Il tutto accompagnato da immagini video (D-WOK) proiettate sullo sfondo o all’interno della sfera di cui sopra.

Infine Livermore fa comparire in scena il povero Principino di Persia che la folla fin da subito si diverte a bistrattare in ogni modo, umiliandolo e bullizzandolo fino a lasciarlo proprio nudo come un verme, forse a punirne le ingenue velleità… Ma soprattutto ci mostra – e qui mi ricollego al finale – la rinsecchita figura dell’ava Lo-u-Ling, che incombe dietro alla pronipotina a ricordarci la causa del formarsi della gelida personalità di Turandot.

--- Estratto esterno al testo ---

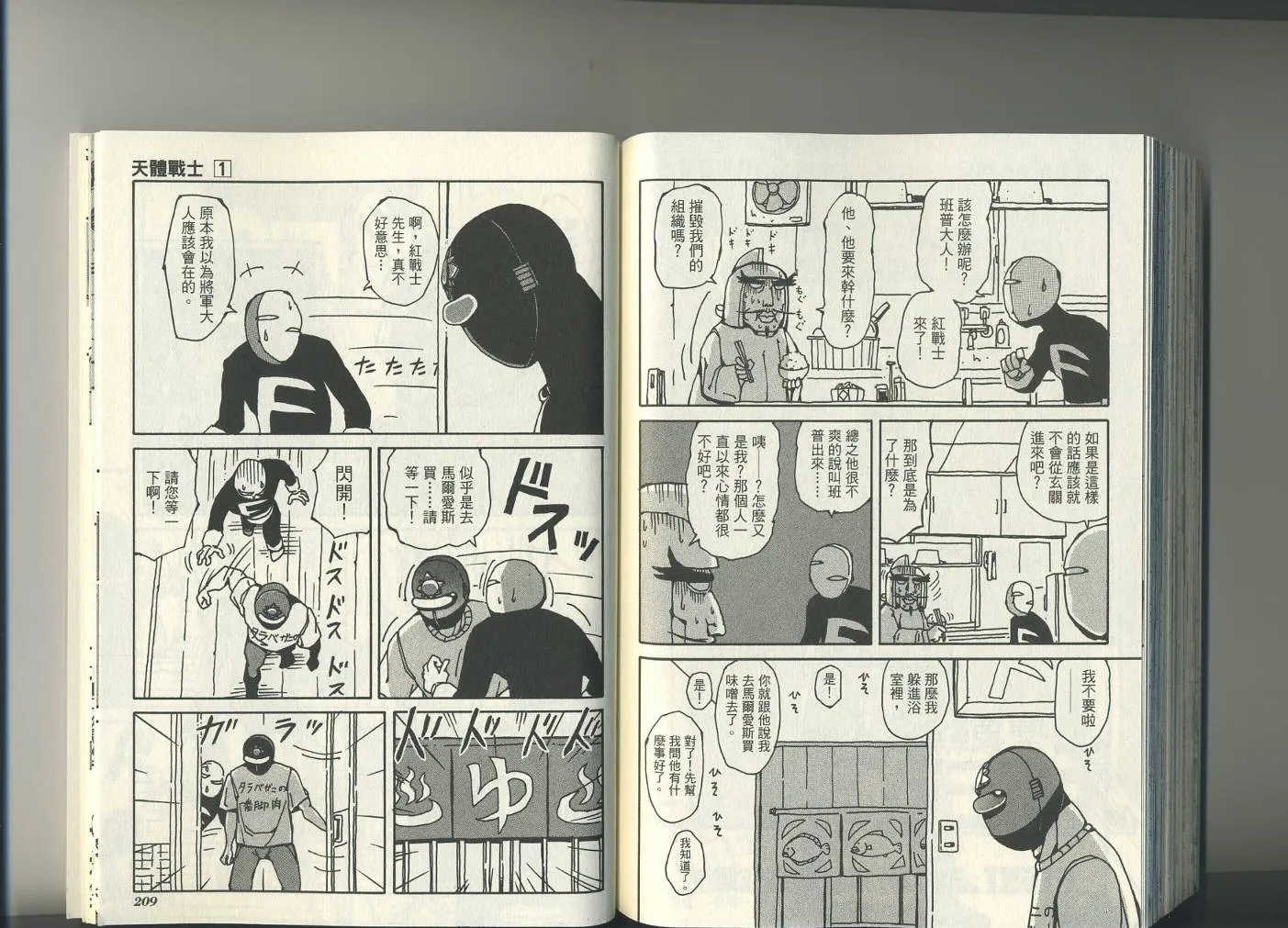 第1卷 第108页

Ebbene, nella scena finale del duetto Calaf-Turandot la trisavola si frappone continuamente tra i due, come per difendere la pronipote dagli assalti di Calaf. Ma poi, ecco la grande trovata di Livermore, che avrebbe potuto persino dare a Puccini l’idea giusta per chiudere lui stesso l’opera in modo conveniente. Invece dell’ultimo assalto – con prosaico bacio - al corpo di Turandot, ecco che Calaf si dirige sull’antica progenitrice e la fa oggetto di un toccante gesto di comprensione, quasi a voler riparare il tremendo torto da lei subito in gioventù.

E così ecco che lo sgelamento di Turandot si giustifica con la parallela presa di coscienza di Calaf! [Tanto di cappello al regista!]  

Aggiungerò un altro paio di idee registiche che mi sembrano degne di nota, perché rivelano qualcosa della natura di due personaggi: il pugnale con cui Liù si ferisce non viene strappato ad un soldato, ma dalle mani di… Calaf! E l’Imperatore Altoum ci viene presentato nei panni – anche materiali - di un innocuo e rassegnato ospite di una RSA!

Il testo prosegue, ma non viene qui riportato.